• [Data shown]:

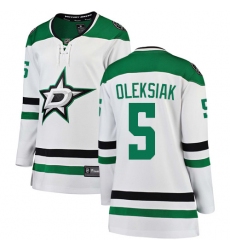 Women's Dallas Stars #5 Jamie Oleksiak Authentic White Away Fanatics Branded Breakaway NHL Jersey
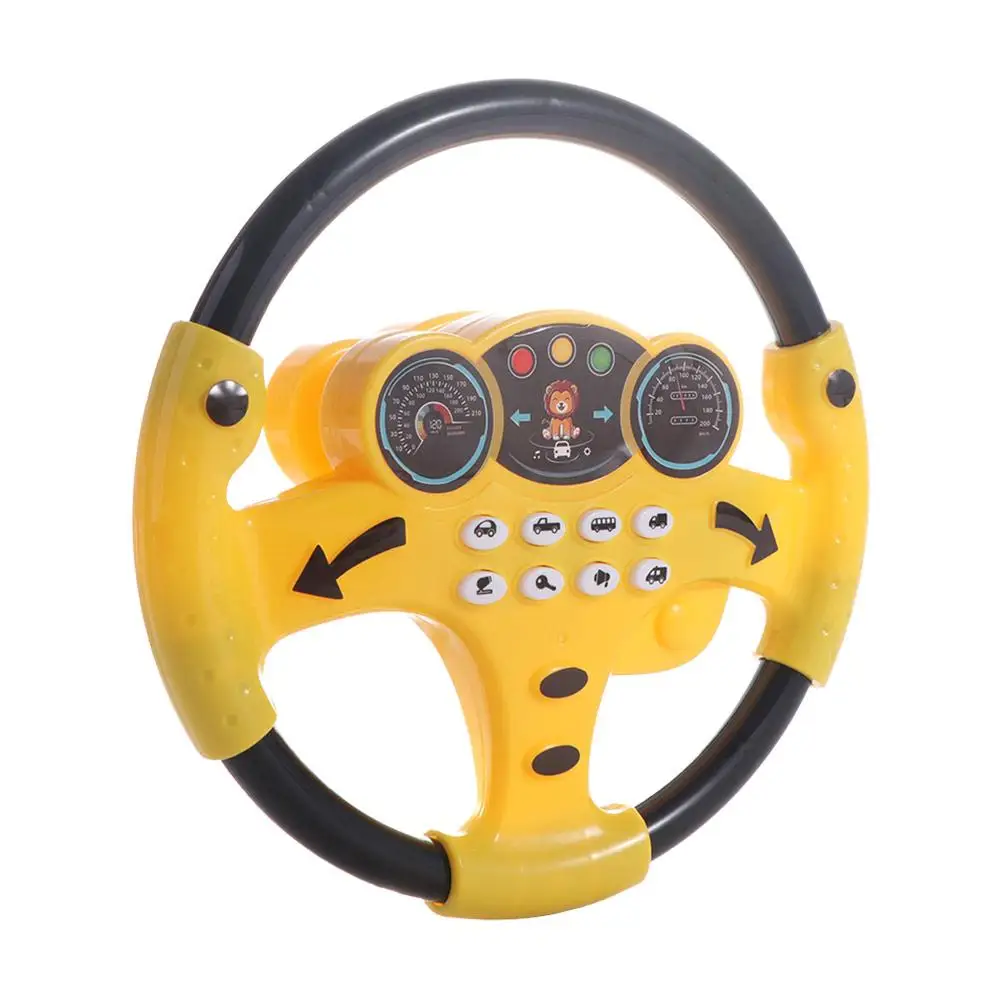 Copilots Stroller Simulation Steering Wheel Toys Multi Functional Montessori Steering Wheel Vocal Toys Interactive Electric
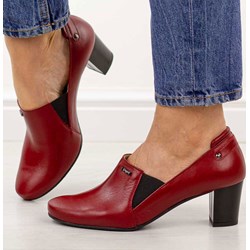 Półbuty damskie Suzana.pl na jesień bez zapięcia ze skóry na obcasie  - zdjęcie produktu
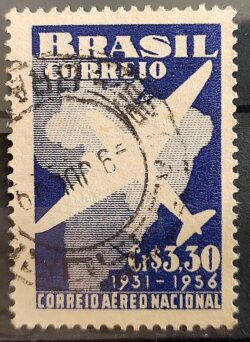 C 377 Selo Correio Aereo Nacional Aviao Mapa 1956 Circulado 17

* * *

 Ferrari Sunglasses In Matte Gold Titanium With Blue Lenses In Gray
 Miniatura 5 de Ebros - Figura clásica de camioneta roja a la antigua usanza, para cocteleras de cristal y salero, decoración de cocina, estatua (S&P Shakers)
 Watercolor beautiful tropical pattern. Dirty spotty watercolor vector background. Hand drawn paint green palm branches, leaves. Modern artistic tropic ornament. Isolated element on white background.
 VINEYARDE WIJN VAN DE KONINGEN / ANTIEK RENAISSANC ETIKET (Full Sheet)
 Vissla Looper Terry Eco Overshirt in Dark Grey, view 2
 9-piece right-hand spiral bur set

• [What you need to do]: Would you output the lines above from the line holding "Women's Dallas Stars" up to and including the line holding "C 377 Selo Correio", exactly and only those, with no pictures?

• [Solution to this task]:
 Women's Dallas Stars #5 Jamie Oleksiak Authentic White Away Fanatics Branded Breakaway NHL Jersey
 Copilots Stroller Simulation Steering Wheel Toys Multi Functional Montessori Steering Wheel Vocal Toys Interactive Electric
 Półbuty damskie Suzana.pl na jesień bez zapięcia ze skóry na obcasie  - zdjęcie produktu
 C 377 Selo Correio Aereo Nacional Aviao Mapa 1956 Circulado 17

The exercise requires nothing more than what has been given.